Meet the Matz: Of Bone Spurs, Paychecks, and Pennants

On June 30, Mets manager Terry Collins sent left-hander Steven Matz to the mound to face the Chicago Cubs. Matz turned in a modest performance, striking out six in 5 1/3 innings while surrendering two homers. Not a terrible outing, but a club as offensively challenged as the Mets can only afford so many starts like this. What made the outing of more than the usual interest was that this was Matz’ first appearance after the world learned he had a bone spur in his left elbow.

Bone spurs are not generally in and of themselves debilitating, but they can inflict significant pain. And since pain is your body’s way of saying “don’t do that again, you stupid git,” the pain a bone spur causes may in turn cause other changes to the pitcher’s usage patterns and delivery. Those changes might end well, or they might not.
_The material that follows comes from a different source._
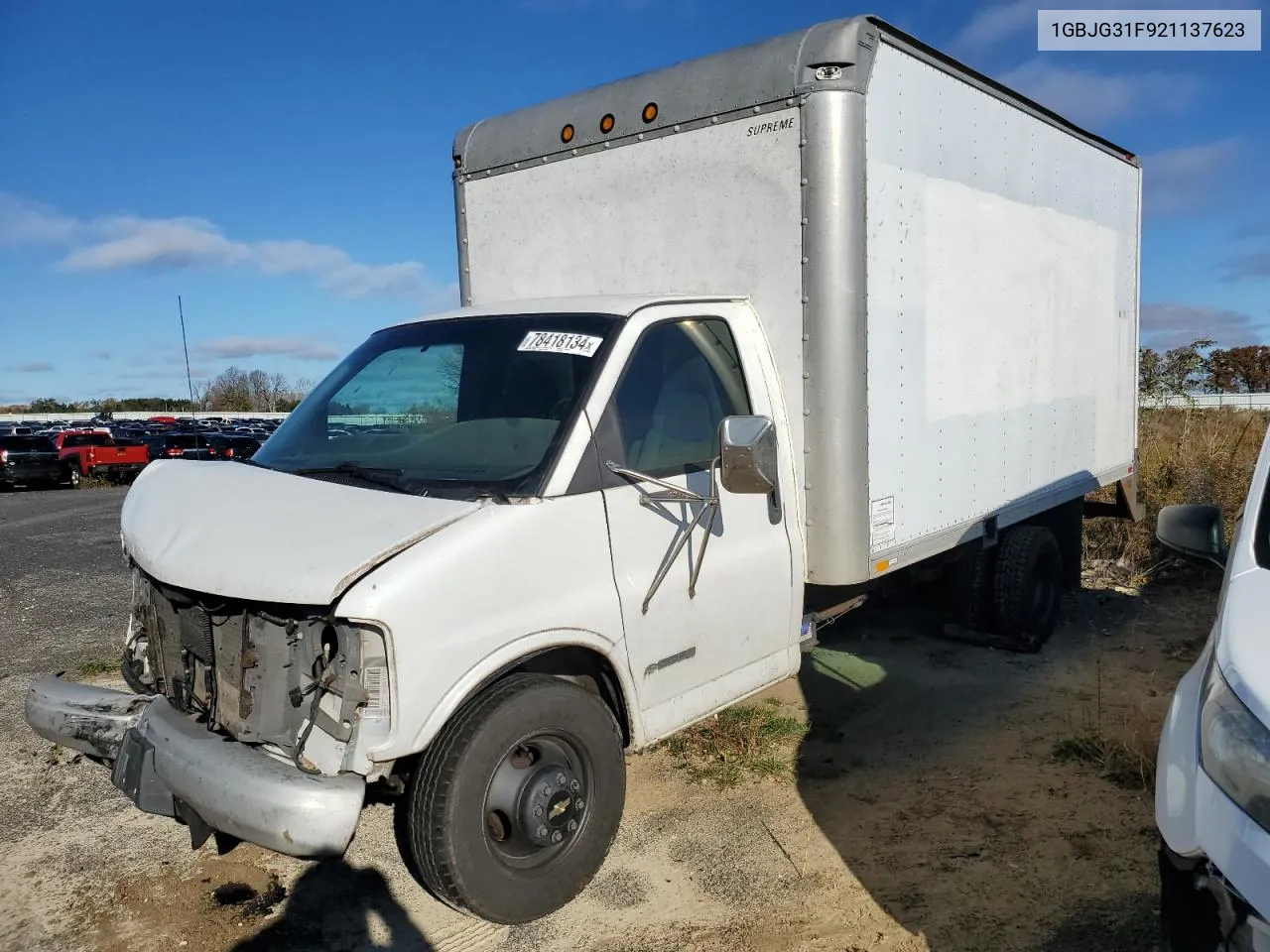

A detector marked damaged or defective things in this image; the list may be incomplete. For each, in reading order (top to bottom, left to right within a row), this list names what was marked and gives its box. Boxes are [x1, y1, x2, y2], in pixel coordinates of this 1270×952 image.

crumpled front bumper [26, 674, 361, 861]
A cascade of other injuries and mechanical problems can follow.

So a bone spur presents player and team with a choice: the player can pitch through the injury, at reduced and perhaps increasingly decaying effectiveness, or opt for surgery, which resolves the problem but sidelines the player for several months. In Matz’ case, surgery could doom his season.

If Matz were an entirely independent actor, surgery would seem the rational choice. Like all players, Matz’ overriding goal is to get The Contract: the multiyear 7-8 figure deal that will provide financial independence for Matz and his family for as long they subsist on this benighted orb. (Matz will tell you his overriding goal is to win a World Series, but that’s probably number two on his list.) By skipping the rest of this season and coming back healthy next year, Matz probably boosts the odds of making it to The Contract before critical elements of his body begin to rebel.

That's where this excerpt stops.